THE TASK: Find "Aprilia Sonic (Solgt)" and "Atleta com o dorsal 496" in the records below. Copy the lines holding them and every line between, exactly, and no others.

TASK INPUTS:
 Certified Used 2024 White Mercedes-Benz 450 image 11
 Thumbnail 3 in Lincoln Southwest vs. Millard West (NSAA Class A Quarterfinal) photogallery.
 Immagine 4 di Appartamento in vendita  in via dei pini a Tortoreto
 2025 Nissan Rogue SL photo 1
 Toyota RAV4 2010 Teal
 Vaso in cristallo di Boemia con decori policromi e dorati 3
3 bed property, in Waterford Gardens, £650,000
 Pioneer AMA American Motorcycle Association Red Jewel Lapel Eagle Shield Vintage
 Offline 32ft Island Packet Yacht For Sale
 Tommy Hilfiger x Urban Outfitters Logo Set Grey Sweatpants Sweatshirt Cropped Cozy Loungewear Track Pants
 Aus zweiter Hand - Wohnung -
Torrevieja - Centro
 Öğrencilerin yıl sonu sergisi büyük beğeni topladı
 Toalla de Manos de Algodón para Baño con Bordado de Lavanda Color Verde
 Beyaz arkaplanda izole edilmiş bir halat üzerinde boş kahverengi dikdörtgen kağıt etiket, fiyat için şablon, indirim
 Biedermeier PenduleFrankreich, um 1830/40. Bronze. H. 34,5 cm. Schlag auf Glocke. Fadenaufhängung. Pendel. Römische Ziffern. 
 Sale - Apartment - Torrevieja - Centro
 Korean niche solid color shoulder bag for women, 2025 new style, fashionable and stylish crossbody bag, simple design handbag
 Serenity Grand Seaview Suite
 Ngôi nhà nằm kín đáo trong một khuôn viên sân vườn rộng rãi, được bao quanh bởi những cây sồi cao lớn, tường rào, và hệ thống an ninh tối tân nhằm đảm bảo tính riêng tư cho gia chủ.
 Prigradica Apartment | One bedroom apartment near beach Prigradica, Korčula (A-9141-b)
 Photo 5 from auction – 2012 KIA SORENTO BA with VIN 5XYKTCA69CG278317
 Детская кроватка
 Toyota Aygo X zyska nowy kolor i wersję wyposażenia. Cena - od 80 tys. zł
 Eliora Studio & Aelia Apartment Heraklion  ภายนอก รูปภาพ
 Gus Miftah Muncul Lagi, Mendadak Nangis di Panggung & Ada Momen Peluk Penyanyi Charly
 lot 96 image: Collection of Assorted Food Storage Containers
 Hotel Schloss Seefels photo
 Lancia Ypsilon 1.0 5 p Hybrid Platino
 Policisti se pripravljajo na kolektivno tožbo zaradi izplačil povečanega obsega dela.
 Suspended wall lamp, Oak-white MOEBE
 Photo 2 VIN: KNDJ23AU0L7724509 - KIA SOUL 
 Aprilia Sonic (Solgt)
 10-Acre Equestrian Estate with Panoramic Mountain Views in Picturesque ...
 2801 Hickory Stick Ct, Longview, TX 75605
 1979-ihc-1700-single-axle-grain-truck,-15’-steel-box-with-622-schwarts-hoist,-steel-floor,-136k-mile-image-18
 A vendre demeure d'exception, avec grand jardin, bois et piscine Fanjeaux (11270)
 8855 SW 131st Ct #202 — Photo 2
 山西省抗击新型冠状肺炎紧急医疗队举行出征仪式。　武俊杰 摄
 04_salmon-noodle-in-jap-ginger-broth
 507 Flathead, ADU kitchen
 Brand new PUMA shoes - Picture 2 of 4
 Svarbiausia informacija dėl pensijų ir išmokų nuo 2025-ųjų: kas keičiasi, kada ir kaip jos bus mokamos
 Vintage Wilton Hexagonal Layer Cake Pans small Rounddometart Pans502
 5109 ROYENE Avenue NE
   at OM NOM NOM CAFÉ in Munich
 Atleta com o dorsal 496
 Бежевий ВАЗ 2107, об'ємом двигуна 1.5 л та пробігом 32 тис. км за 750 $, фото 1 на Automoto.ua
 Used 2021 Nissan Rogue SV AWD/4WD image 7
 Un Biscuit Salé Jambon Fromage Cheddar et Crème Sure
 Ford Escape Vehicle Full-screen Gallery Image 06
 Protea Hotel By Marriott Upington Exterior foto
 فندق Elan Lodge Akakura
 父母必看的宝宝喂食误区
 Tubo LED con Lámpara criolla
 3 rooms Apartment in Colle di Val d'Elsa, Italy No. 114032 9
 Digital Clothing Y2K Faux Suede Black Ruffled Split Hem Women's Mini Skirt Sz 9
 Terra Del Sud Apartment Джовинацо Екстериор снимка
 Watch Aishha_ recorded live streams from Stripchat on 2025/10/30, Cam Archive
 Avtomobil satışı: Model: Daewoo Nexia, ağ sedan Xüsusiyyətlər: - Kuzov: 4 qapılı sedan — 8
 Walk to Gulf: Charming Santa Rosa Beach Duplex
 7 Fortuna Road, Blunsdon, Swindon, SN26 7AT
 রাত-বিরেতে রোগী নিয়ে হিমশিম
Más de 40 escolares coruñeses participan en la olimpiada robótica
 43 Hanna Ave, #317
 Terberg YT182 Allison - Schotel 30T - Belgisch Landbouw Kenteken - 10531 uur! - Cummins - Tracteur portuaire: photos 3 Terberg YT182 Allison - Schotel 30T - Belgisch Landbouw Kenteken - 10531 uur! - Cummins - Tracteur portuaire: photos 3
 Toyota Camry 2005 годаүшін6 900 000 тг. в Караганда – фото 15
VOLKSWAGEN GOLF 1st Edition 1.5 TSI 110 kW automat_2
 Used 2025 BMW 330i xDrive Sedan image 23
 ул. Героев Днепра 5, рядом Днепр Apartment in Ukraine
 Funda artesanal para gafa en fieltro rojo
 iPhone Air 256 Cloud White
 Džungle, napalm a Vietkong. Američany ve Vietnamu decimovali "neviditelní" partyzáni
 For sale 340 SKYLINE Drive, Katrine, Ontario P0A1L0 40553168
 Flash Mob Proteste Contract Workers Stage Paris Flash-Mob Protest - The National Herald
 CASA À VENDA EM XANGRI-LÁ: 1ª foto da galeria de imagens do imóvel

RESPONSE BELOW:
 Aprilia Sonic (Solgt)
 10-Acre Equestrian Estate with Panoramic Mountain Views in Picturesque ...
 2801 Hickory Stick Ct, Longview, TX 75605
 1979-ihc-1700-single-axle-grain-truck,-15’-steel-box-with-622-schwarts-hoist,-steel-floor,-136k-mile-image-18
 A vendre demeure d'exception, avec grand jardin, bois et piscine Fanjeaux (11270)
 8855 SW 131st Ct #202 — Photo 2
 山西省抗击新型冠状肺炎紧急医疗队举行出征仪式。　武俊杰 摄
 04_salmon-noodle-in-jap-ginger-broth
 507 Flathead, ADU kitchen
 Brand new PUMA shoes - Picture 2 of 4
 Svarbiausia informacija dėl pensijų ir išmokų nuo 2025-ųjų: kas keičiasi, kada ir kaip jos bus mokamos
 Vintage Wilton Hexagonal Layer Cake Pans small Rounddometart Pans502
 5109 ROYENE Avenue NE
   at OM NOM NOM CAFÉ in Munich
 Atleta com o dorsal 496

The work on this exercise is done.